WHAT THE TASK REQUIRES ▸ Repeat exactly what runs from the line with "Birch Grove Golf Club" through the last line of the material, and keep the pictures out of it.

SUPPLIED RECORDS ▸
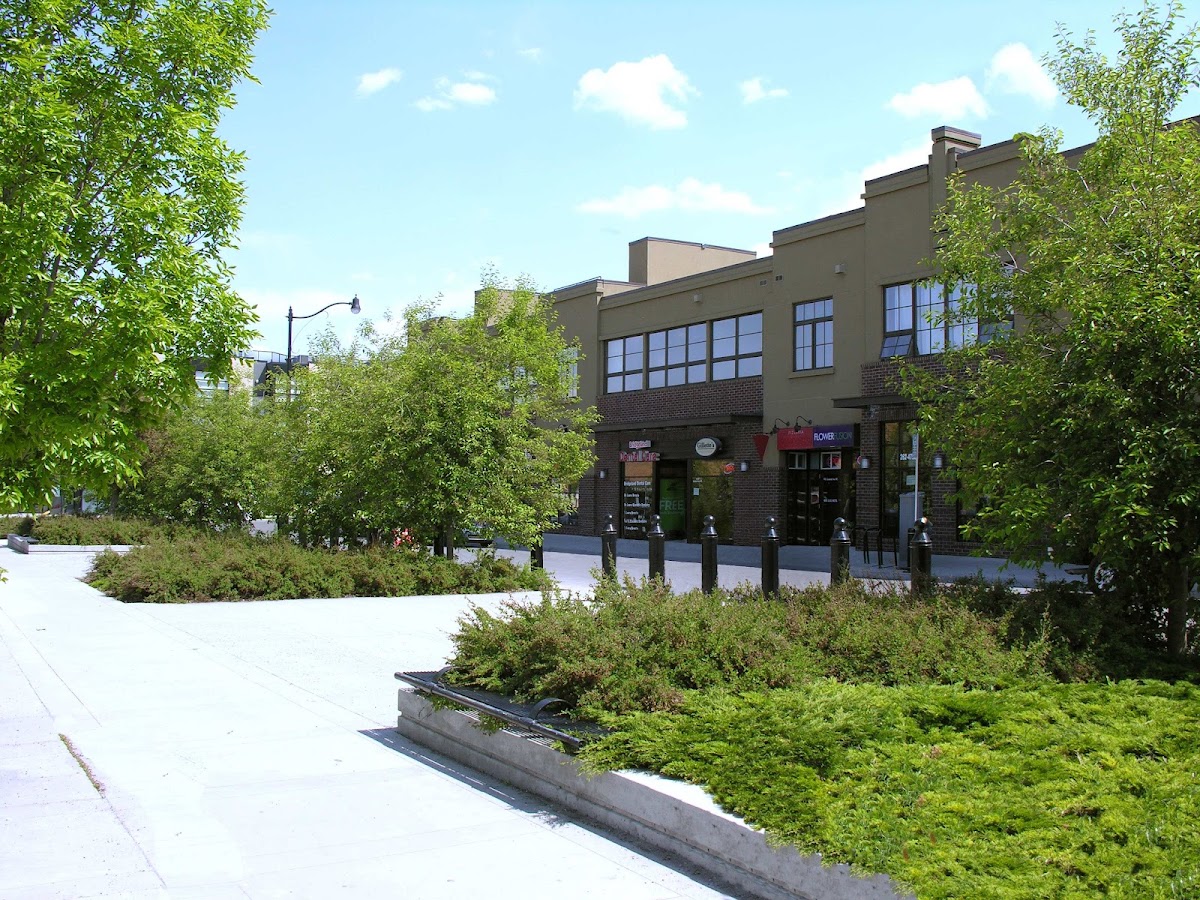 Bridgeland Dental Care dental clinic in Calgary - Photo 6
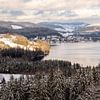 Uitzicht over de Titisee in de winter van Alexander Wolff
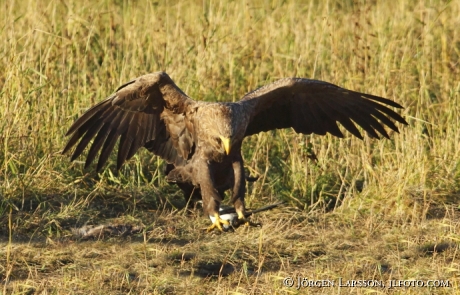 White tailed eagle Haliaeetus albicilla Bjornlunda sweden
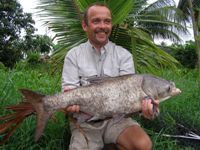 Bighead Carp Thailand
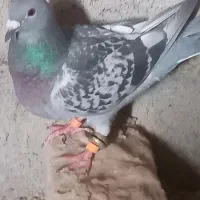 ماده مگس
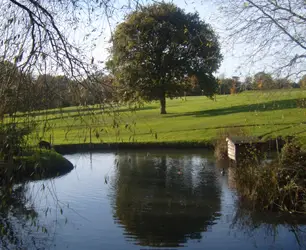 Birch Grove Golf Club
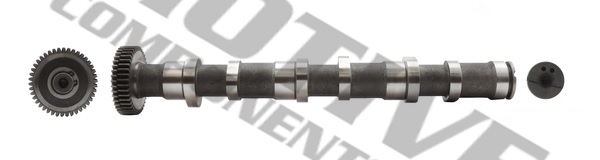 MOTIVE T072 — Wałek rozrządu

RESULT ▸
 Birch Grove Golf Club
 MOTIVE T072 — Wałek rozrządu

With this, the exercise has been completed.